Originally published in The Commons issue #164 (Wednesday, August 8, 2012).
SAXTONS RIVER—Back in April, I was wandering around the Armory show in New York City, an event that has become a huge and important showcase for cutting-edge art from all over the world.
A large abstract painting caught my attention among all the hundreds, maybe thousands, of self-conscious searches for something new and fresh. Among art of heightened realism in the drawing of a frying pan, brightly striped canvases, or shiny chrome objects that seek to mirror the razzamatazz of our glitzy, LCD-lit world, here was artwork by someone who simply loved paint and painting.
Now that was fresh!
The painting, “Daybreak,” at 92 inches by 80 inches — almost 52 square feet — made quite an impression. Amid the crush and chaos of the Armory, it was a breath of fresh air.
I was familiar with Eric Aho’s gorgeous, evocative landscapes, and the powerful ice paintings. But I was completely surprised by the aesthetics of this painting, a true leap into the creative abyss.
Aho has his first survey show — meaning not just new work, but a show that gives a perspective of work over time — at the Currier Museum of Art in Manchester, N.H. this summer, through Sept. 8. It is not to be missed.
It turns out “Daybreak” is not so much a leap into the abyss as a graceful dive into the deep end of waters Aho has been swimming in for decades.

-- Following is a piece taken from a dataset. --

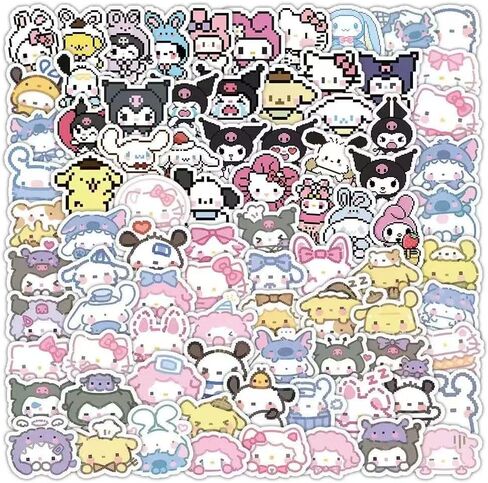 100 قطعة من ملصقات الرسوم المتحركة سانريو، Kawaii Hello Kitty Kuromi Mymelody ملصق فينيل مقاوم للماء للأولاد والبنات المراهقين وأجهزة الكمبيوتر المحمول للبالغين، حقيبة سفر، هاتف، دراجة، زجاجة مياه، جيتار، كمبيوتر، لوح تزلج in Kuwait
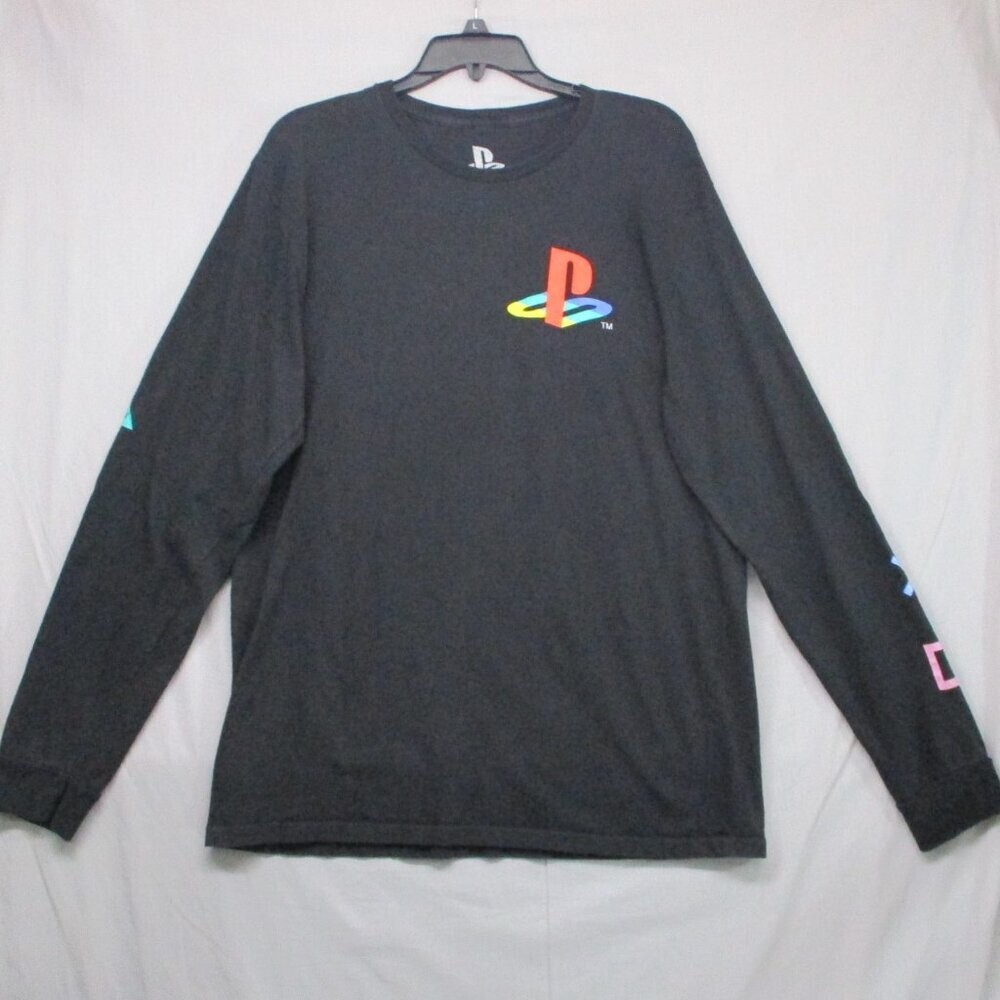 PlayStation Graphic Print Logo & Buttons On Sleeve Black Men Size | L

Some people might still prefer the landscapes, and there are some beauties here, such as “French King,” a large painting of a sweeping view of the Connecticut River valley, that provide an impressive portal into the show.
* * *
I visited Eric Aho’s studio in Saxtons River shortly after the show opened. Situated in an enclave of old brick buildings, once the campus of a private school, Aho works in the school’s old, spacious gymnasium building, whose high-arched windows allow the sun to pour through.

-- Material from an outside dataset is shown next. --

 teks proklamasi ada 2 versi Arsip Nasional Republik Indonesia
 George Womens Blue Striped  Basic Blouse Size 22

Paintings, those few still in the studio, are propped against the wall. No easel in sight. Tubes and small bowls of mixed oil paints are everywhere.
Aho showed me what, at present, constrains the size of his large work: the only way to get a painting out is through “the toaster,” a floor-to-ceiling slot in the wall to slide paintings through sideways. The artwork is then maneuvered through a garage-type door leading out of an adjoining space.
None of the landscapes, which were his central focus for decades, are around. The place is completely given over to the new work.
Yet nature is clearly a constant touchstone.
Aho talks about still going outdoors to do plein air painting, but notes, chuckling, that these excursions do not look like the usual outdoor painter’s: No neat painting box (or messy one, for that matter) for him.
He goes out in his truck, and basically carries his studio with him: buckets of brushes, cans and bowls of paint, some left over from previous paintings.